Tiens, c'est marrant, ça fait un an que je l'ai lu et ce roman résonne encore en moi. Un très joli roman que nous signe ici Gallay.
samedi 18 juillet 2009 à 11h27
In Cold Blog : effectivement, une belle coincidence
Merci pour le lien.
Emmyne et Leiloona : je ne peux que partager vos avis. Une belle histoire que voilà.

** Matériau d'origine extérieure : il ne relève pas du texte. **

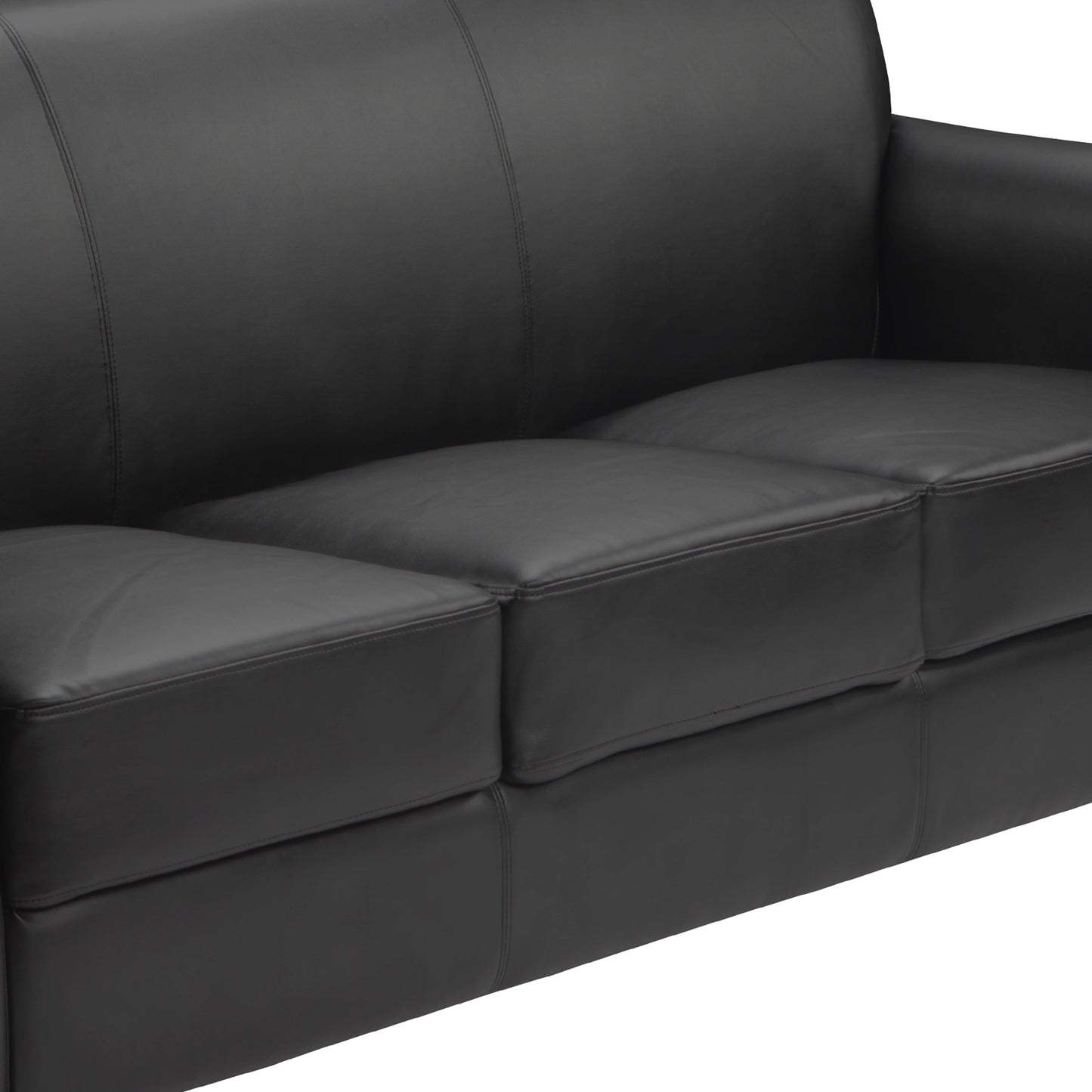 Black Leather Sofa BT-827-3-BK-GG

lundi 20 juillet 2009 à 11h17
J'ai aimé " les Deferlantes" et adoré ' Seule Venise" , je vais me laisser tenter par celui-ci , à la lecture de ce billet je pense que c'est encore un BON roman que je vais lire
lundi 20 juillet 2009 à 21h56
Sophie, il ne faut pas hésiter une seconde. Je ne rajoute rien pour laisser la surprise
mercredi 5 août 2009 à 15h21
J'ai eu la chance de "tomber" tout à fait par hasard sur Les déferlantes. Depuis ce n'est que plaisirs avec L'or du temps et une préférence pour Seule Venise.
MI M LIRE
dimanche 14 mars 2010 à 22h23
Un très beau roman qui m'a profondément touchée et qui me donne envie de continuer à découvrir cette auteure.
lundi 22 mars 2010 à 08h03
M M Lire et Violaine, merci beaucoup pour vos avis. Pour votre information, l'auteure sera en dédicace au Salon du livre
Une bonne occasion pour discuter un brin avec elle.
mercredi 2 novembre 2011 à 07h13
Je suis en train de lire les déferlantes.
Je m'ennuie, Claudie m'ennuie.
J'irai au bout mais alors quelle plaie.
Pour exemple page 116 : Sa voix ressemblait à la Hague, elle en avait la force, l'indifférence aussi. Je lui ai dit cela, Votre voix ressemble à la Hague, et il a hoché la tête comme s'il comprenait.
Il faut de tout pour faire un monde.
Cordialement.
vendredi 17 février 2012 à 12h05
J ai adore les déferlantes, je viens de terminer dans l or du temps, quel ennui, écrire pour ne rien dire voilà ce qu il ressort de ce récit sans queue ni tête, cela faisait longtemps que j avais perdu autant mon temps.....
vendredi 17 février 2012 à 12h32
Natoune, exactement. Il faut de tout pour faire un monde. C'est ce qui en fait sa richesse.
Sophie, parfois des rencontres ne se font pas.